Sierra Madres to Hillier

He isn’t religious. He doesn’t go to church. But life in Emiliano Reyes Lopez’s mountain village, San José Xochixtlán, is still in many ways shaped by Roman Catholic traditions. On the sixth Friday of Lent, the entire village of 650 gathers in the courtyard in front of the church to dance, sing and socialize on this day of Sorrows. In the middle, women adorned in brightly coloured woollen tunics, known as huipuls, dance rhythmically in a semicircle as others watch on, or sway to the earnest sounds from the brass band performing on the periphery.

The village of San José Xochixtlán is tucked away on a mountain plateau, 2,300 feet above sea level, in the Sierra Madres in southwest Mexico’s Oaxaca state.
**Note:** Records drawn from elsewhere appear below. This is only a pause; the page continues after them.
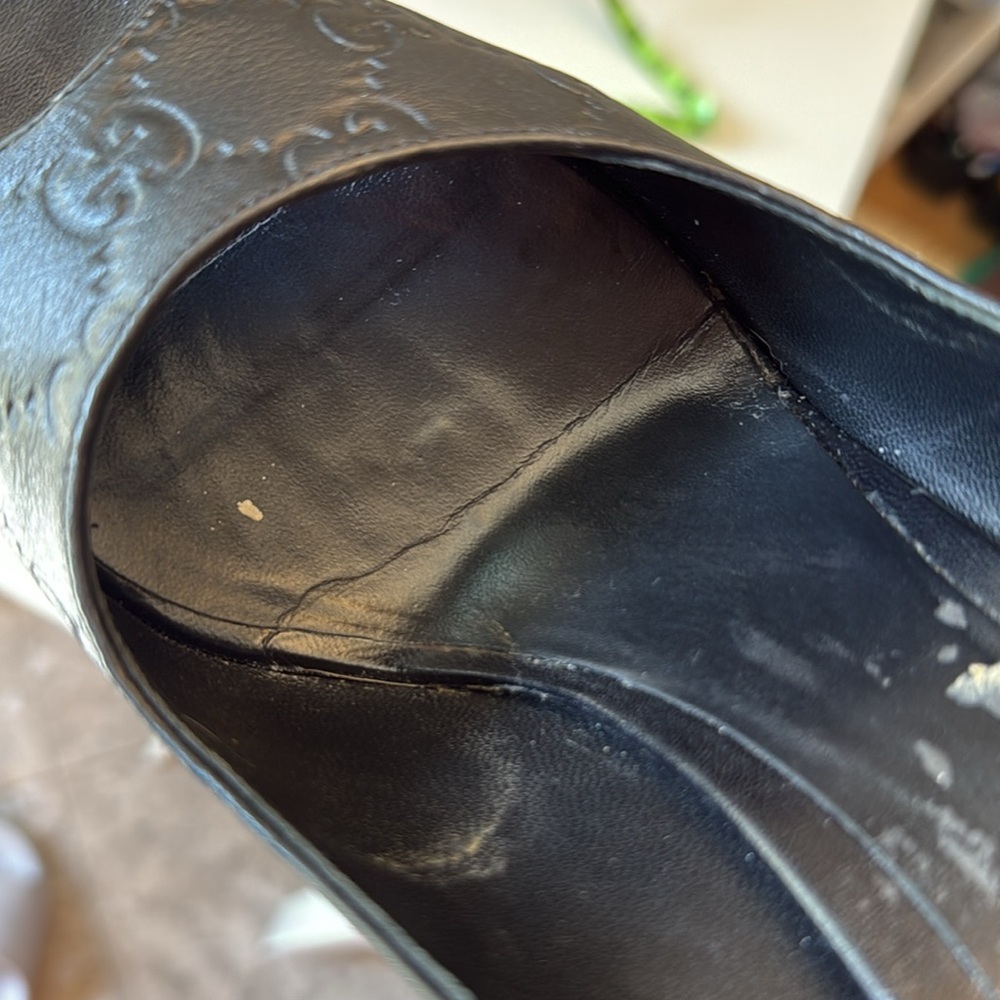 Gucci Guccissima Black Women's Stiletto Peep Toe Heels Size 41 - Picture 14 of 16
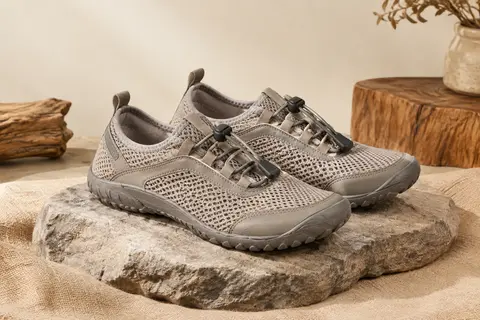 Paire de chaussures aquatiques SAGUARO à tige respirante, semelle en caoutchouc et lacet ajustable.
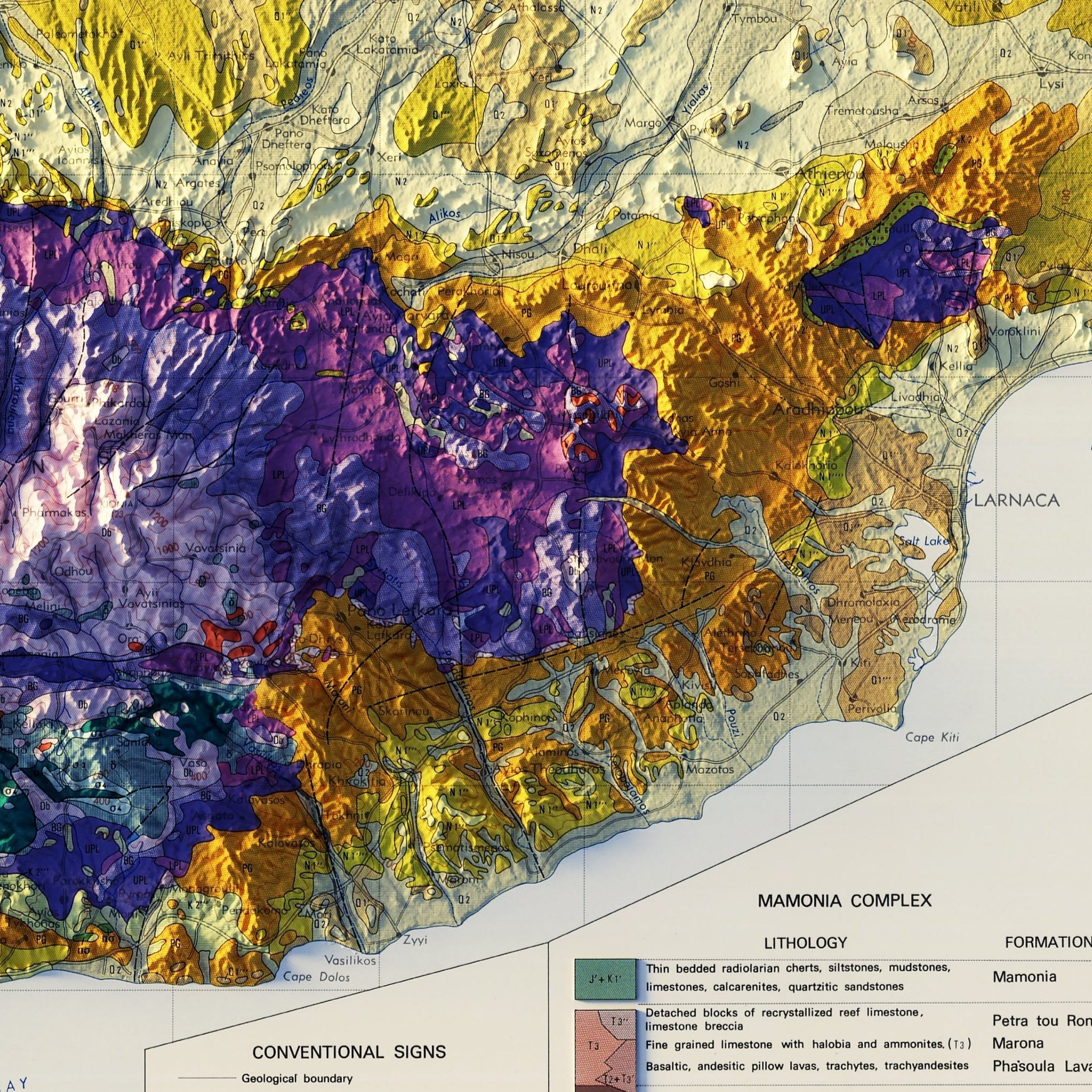 Cyprus 1979 Shaded Relief Map - Muir Way - Vintage Relief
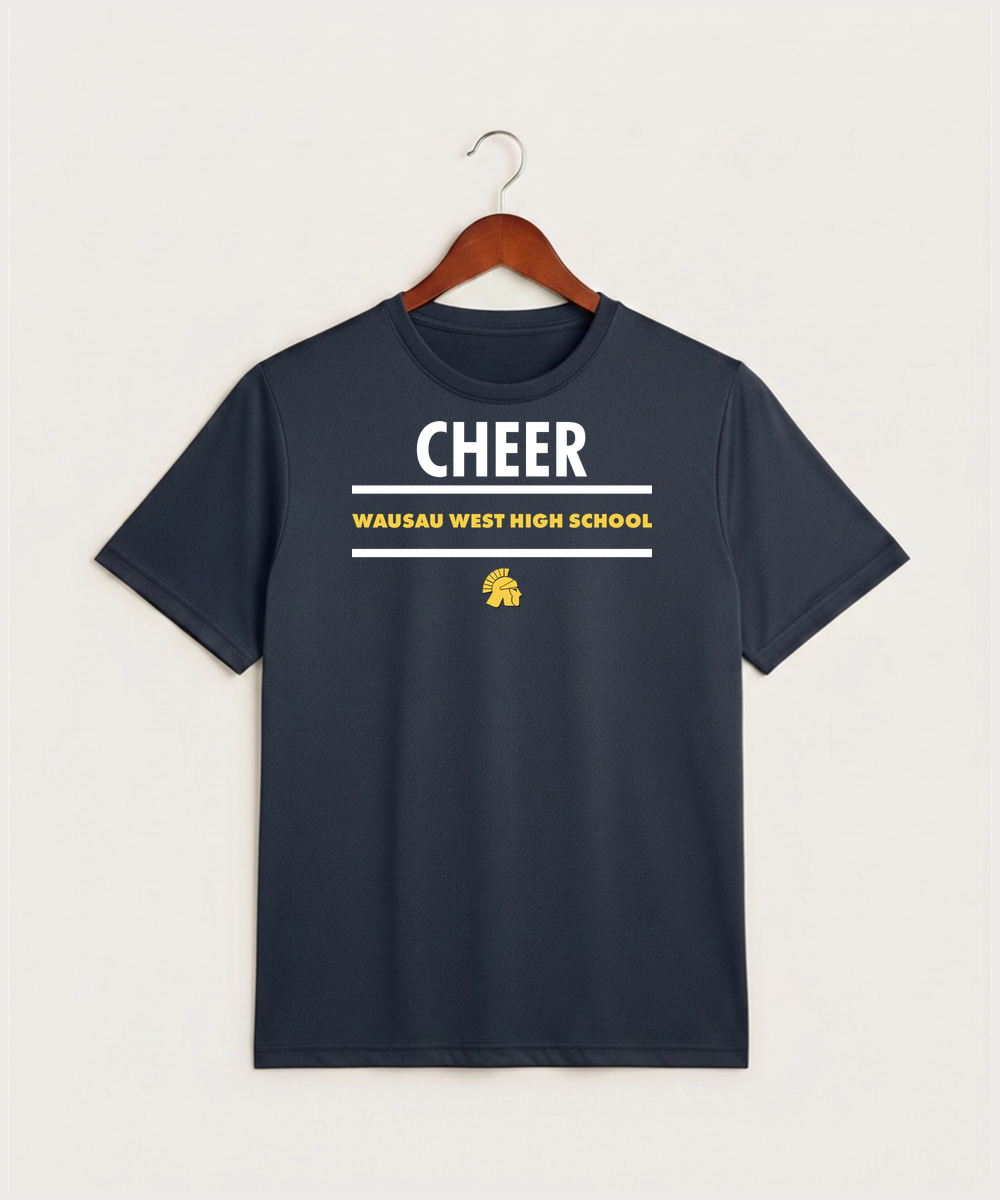 Wausau West High School Cheer - True Navy Heather Sport-Tek PosiCharge Competitor Tee. ST350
Emiliano was born there 50 years ago. He expects to die there. He says the allure of the mountains roughly defining the horizon surrounding his village has not lost its ability to inspire awe and joy.

“It is very pretty,” says Emiliano. “It’s a beautiful view.”
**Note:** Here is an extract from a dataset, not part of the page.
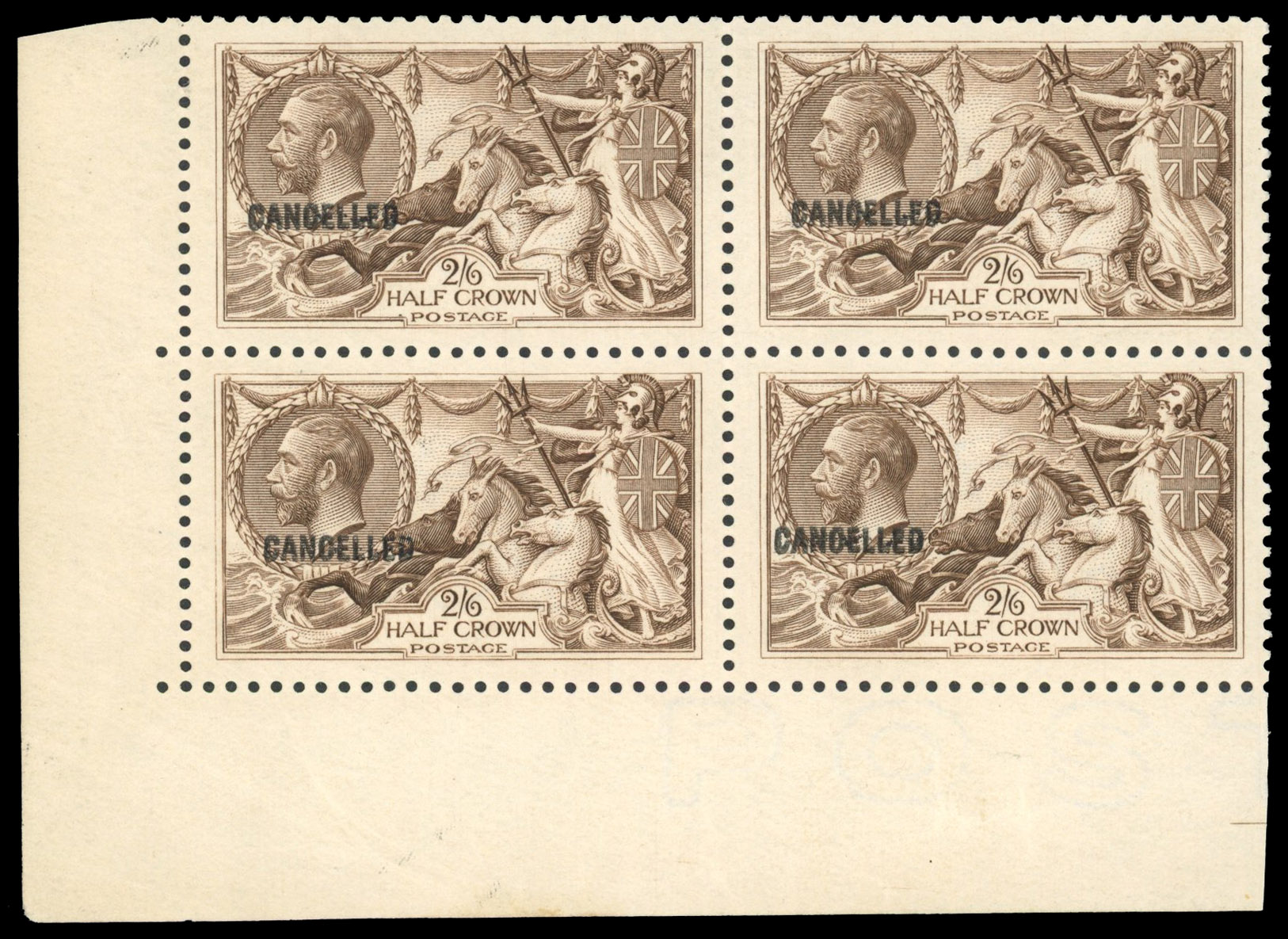 SG 414 1918 2s6d chocolate-brown Cancelled block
But like much of rural Mexico, the economy is mostly controlled by large agricultural companies headquartered far away. There is work for a few months each winter picking coffee beans but not enough to sustain his family.
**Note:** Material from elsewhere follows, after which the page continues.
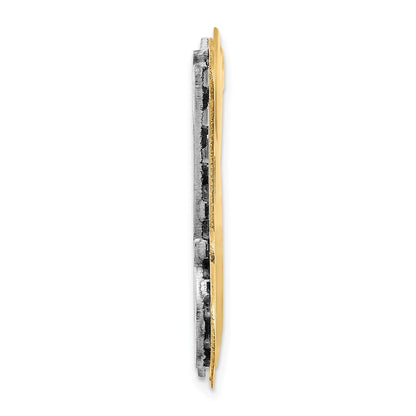 14K Gelb & Rhodium Gold und 3d Diamant mit Herz Name Platte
Emiliano is married to Macaria and together, they have six children—four girls and two boys (Ana, Patricia, Filogoni, Lourdes, Alfredo and Felix). The three oldest girls have found work in South Carolina. He isn’t sure when, or if, he will see them again. His youngest is 16. Felix is still in school.

Emiliano has been coming north to Canaa for nine seasons.

He is frank about why he spends six months away from home each year.

“I need the money,” said Emiliano. “There is work elsewhere in Mexico but I can earn much more working in Canada.”

Wouldn’t he prefer to work in South Carolina, closer to his children? Emiliano doesn’t believe he could get a visa to work in the U.S. Besides, “Canada has friendlier police.”

He works every day, as weather permits. His workday begins shortly after dawn in the vineyard, coaxing the emerging canes to attach to the strands of wire running along each row. He works alongside Gregario, another Oaxacan traveller and a Canadian woman, Chantal.

“She is a very good worker,” says Emiliano, whose leathery skin and muscular build on a small frame testify to a life spent mostly working long hours outdoors.

Together, the three of them tend about 20 acres of vines.

“Eat, sleep and work,” says Emiliano, describing his life in Hillier with a smile. “I’m happy to be here for the work and to be surrounded by nice people.”

Back home, he knows everyone in his village. Many are relatives. Most trace their ancestry to the indigenous Mixteca peoples—a civilization that rivalled the Zapotec and Aztec thousands of years before the arrival and eventual conquest by the Spaniards. Most of the 800,000 Mixteca people remaining live in the western half of Oaxaca. Emiliano speaks both Spanish and Mixtec. He is proud of his native heritage.

But despite his own deeply felt connection to San José Xochixtlán, he wants his children to get a good education and find professional careers elsewhere.

“Doctor, architect, government official. Maybe a journalist,” he says, smiling at the interviewer.